_Prompt_: What is needed here is an exact copy of every record below.

──────── Task material ────────

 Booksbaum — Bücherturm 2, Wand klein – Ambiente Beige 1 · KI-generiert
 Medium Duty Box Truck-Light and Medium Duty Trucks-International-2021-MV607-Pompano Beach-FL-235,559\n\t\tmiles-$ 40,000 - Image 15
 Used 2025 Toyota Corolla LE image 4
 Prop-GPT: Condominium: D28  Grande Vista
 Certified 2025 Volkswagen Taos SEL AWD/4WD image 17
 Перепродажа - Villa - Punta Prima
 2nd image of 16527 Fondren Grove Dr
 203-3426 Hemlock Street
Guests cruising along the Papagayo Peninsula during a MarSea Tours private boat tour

────────

_Answer_:
 Booksbaum — Bücherturm 2, Wand klein – Ambiente Beige 1 · KI-generiert
 Medium Duty Box Truck-Light and Medium Duty Trucks-International-2021-MV607-Pompano Beach-FL-235,559\n\t\tmiles-$ 40,000 - Image 15
 Used 2025 Toyota Corolla LE image 4
 Prop-GPT: Condominium: D28  Grande Vista
 Certified 2025 Volkswagen Taos SEL AWD/4WD image 17
 Перепродажа - Villa - Punta Prima
 2nd image of 16527 Fondren Grove Dr
 203-3426 Hemlock Street
Guests cruising along the Papagayo Peninsula during a MarSea Tours private boat tour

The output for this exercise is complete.